Bug 1166882

Summary: "at" leaves zero-byte-sized files in /var/spool/at if filesystem is full / if jobspec can't be written
Product: Red Hat Enterprise Linux 6 Reporter: Frank Hirtz <fhirtz>
Component: atAssignee: Tomas Mraz <tmraz>
Status: CLOSED ERRATA QA Contact: Leos Pol <lpol>
Severity: medium Docs Contact:
Priority: unspecified    
Version: 6.4CC: lpol, misterbonnie, ovasik, psklenar
Target Milestone: rc   
Target Release: ---   
Hardware: All   
OS: Linux   
Fixed In Version: at-3.1.10-47.el6 Doc Type: Bug Fix
Doc Text:
Cause: The at command was not properly checking return value on fclose function call. Consequence: In case the /var/spool/at filesystem was full the at command could leave empty stale files in the spool directory. Fix: The at command now properly checks the return value from the fclose function call. Result: The are no empty files left anymore when the /var/spool/at filesystem is full.
Story Points: ---
Clone Of: Environment:
Last Closed: 2015-02-19 15:39:41 UTC Type: Bug
Regression: --- Mount Type: ---
Documentation: --- CRM:
Verified Versions: Category: ---
oVirt Team: --- RHEL 7.3 requirements from Atomic Host:
Cloudforms Team: --- Target Upstream Version:
Bug Depends On:    
Bug Blocks: 1075802    

Description Frank Hirtz 2014-11-21 20:56:05 UTC
Description of problem:

If the rootfs is 100% full, and the "at" command is used to create a job, it'll create /var/spool/at/a<ID> but fails to write anything to it.

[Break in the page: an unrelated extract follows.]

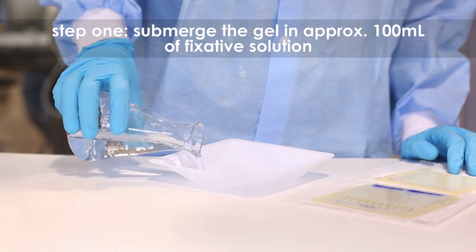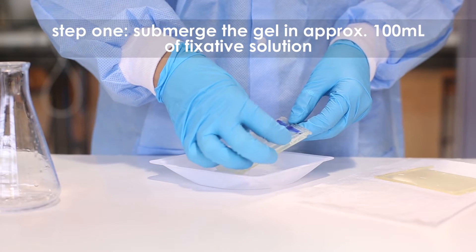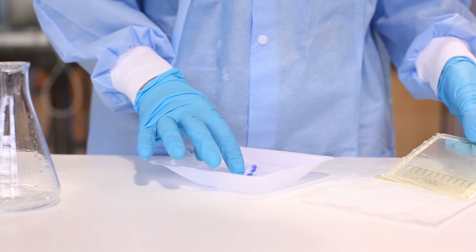Step 1. After the gel cassette has been disassembled, carefully slide the gel off the plastic back plate into a small tray containing approximately 100 ml of fixative solution. The gel should be completely submerged.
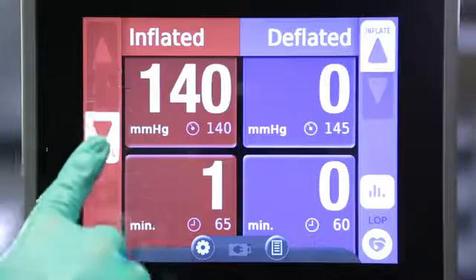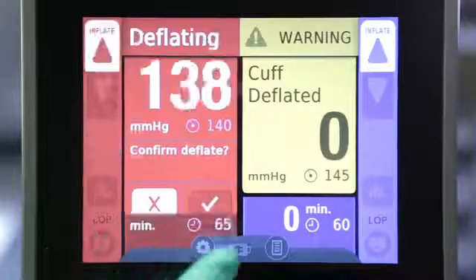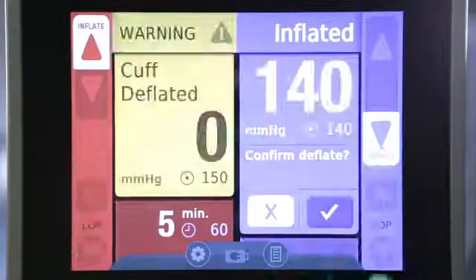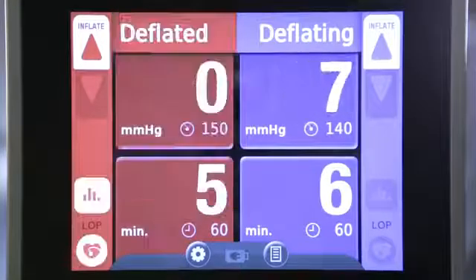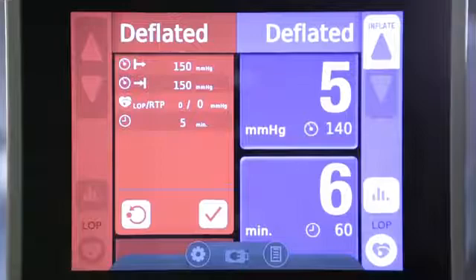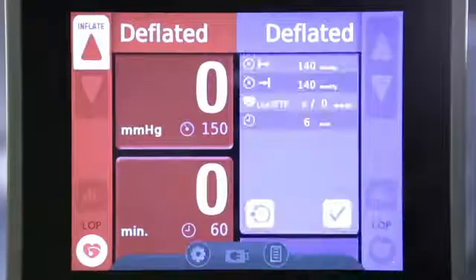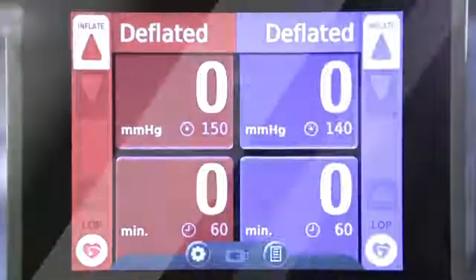To deflate the cuff at the end of a procedure, drag and hold the deflate button for 3 seconds. If the second cuff was inflated, you must always confirm deflation. Once the cuff has been deflated, a statistics icon will illuminate. Tap this icon to see starting pressure, ending pressure, LOP, and time the tourniquet was inflated. Tap the reset button to zero out the statistics. The statistics must either be reset through this process or by restarting the machine before the next procedure.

Result is ... a zero-byte-sized jobfile. "atd" doesn't particularly like these, it spits out endless sequences of errors.

"at" should clean up after itself when writing the jobspec spoolfile fail

The specific rev doesn't matter much, all very similar around this.

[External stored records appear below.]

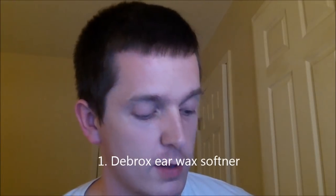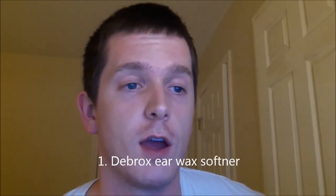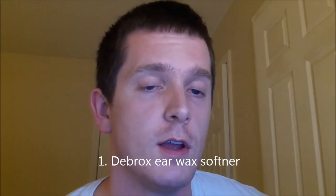The first option is to use an ear wax softener. The most common one is called Debrox — I have some right here. It's about five dollars over the counter at your local pharmacy. The instruction manual will tell you how to use it, but you basically just put the drops in your ear. This will loosen it up and make it fall out much easier.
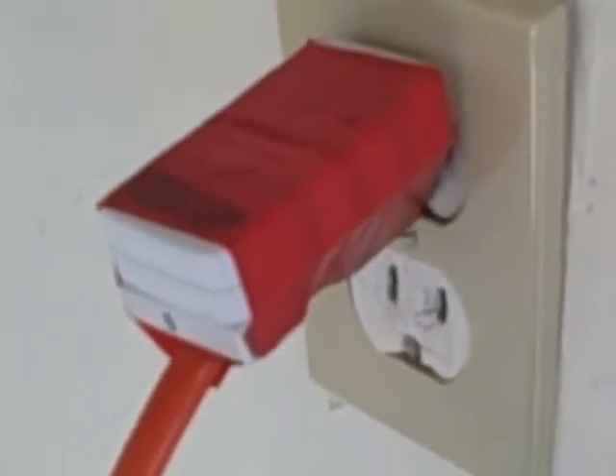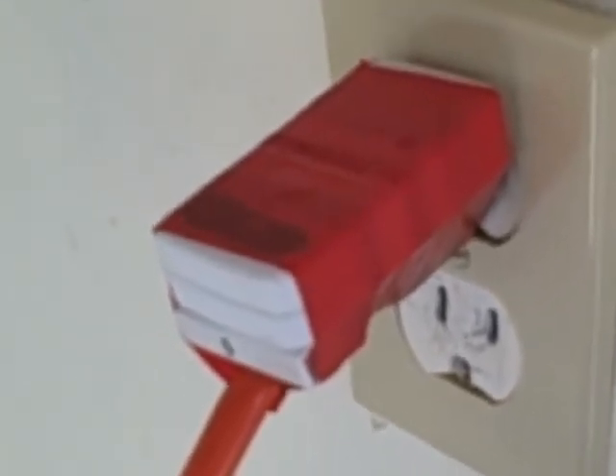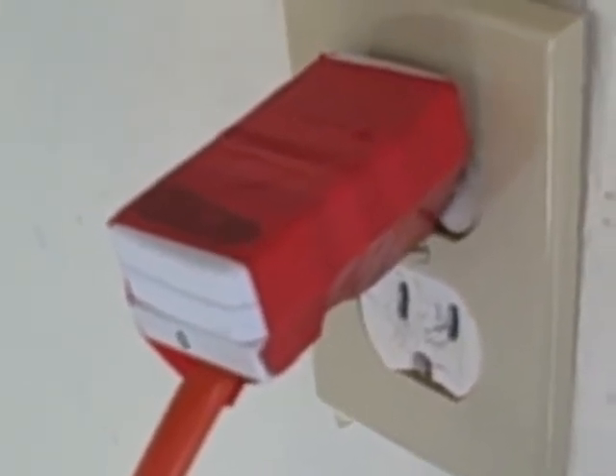It takes about five to ten minutes to install this, and then you don't have to worry about anyone unplugging your devices anymore.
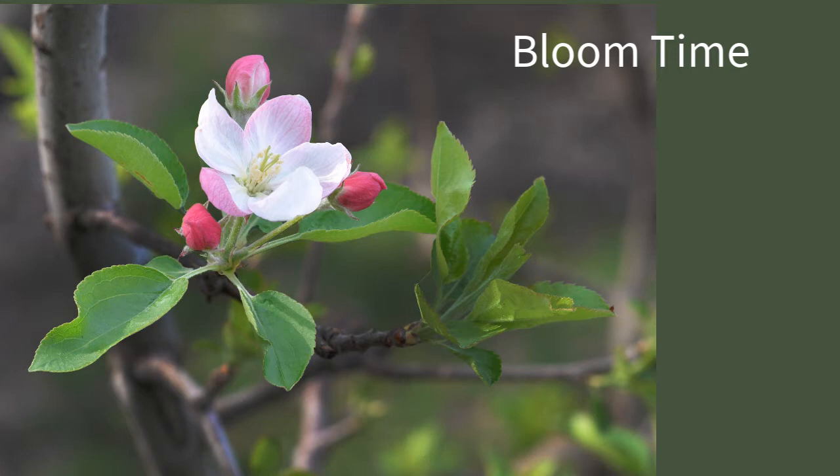So now let's talk about blossom time. How do we define what blossom time is, when it starts, when it ends, and what should we be spraying during blossom time?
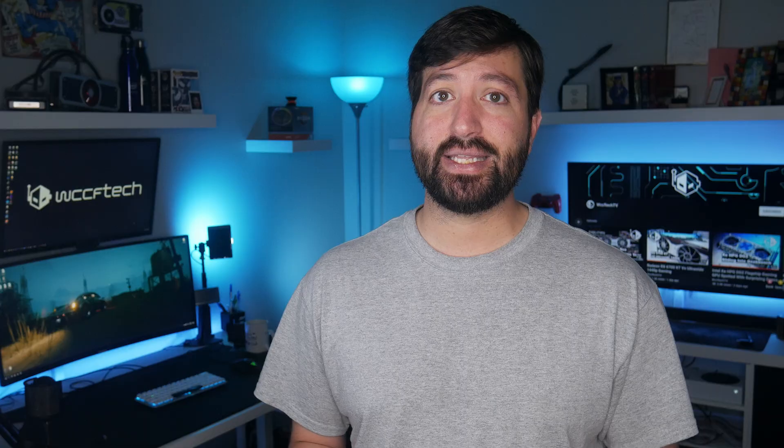This is just OpenCL performance, and the Ampere architecture offers a huge increase in performance in OpenCL and Vulkan APIs, so average performance in DX11 or DX12 titles would be slightly lower.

The idea is that "writefile()" creates the jobspec file 'atomically' - i.e. _removes_ it via the "fcreated" test in panic() if things go wrong.

But idea != implementation:

    223 static void
    224 writefile(time_t runtimer, char queue)
    225 {
[ ... ]
    318     if ((fd = open(atfile, O_CREAT | O_EXCL | O_TRUNC | O_WRONLY, S_IRUSR)) == 
[ ... ]
    351     if ((fp = fdopen(fd, "w")) == NULL)
    352     panic("Cannot reopen atjob file");
[ ... ]
    337     /* We've successfully created the file; let's set the flag so it
    338      * gets removed in case of an interrupt or error.
    339      */
    340     fcreated = 1;
[ ... none of the writes to "FILE* fp" are error-checked ... ]
    478     fprintf(fp, "\n");
    479     if (ferror(fp))
    480     panic("Output error");
 [ ... ]
    485     fclose(fp);

The problem here is "FILE" doing internal buffering. So assume the file got created successfully - which is easily possible even on a 100% full filesystem because it's only a directory metadata operation, and the dir contents for /var/spool/at are an already-existing block.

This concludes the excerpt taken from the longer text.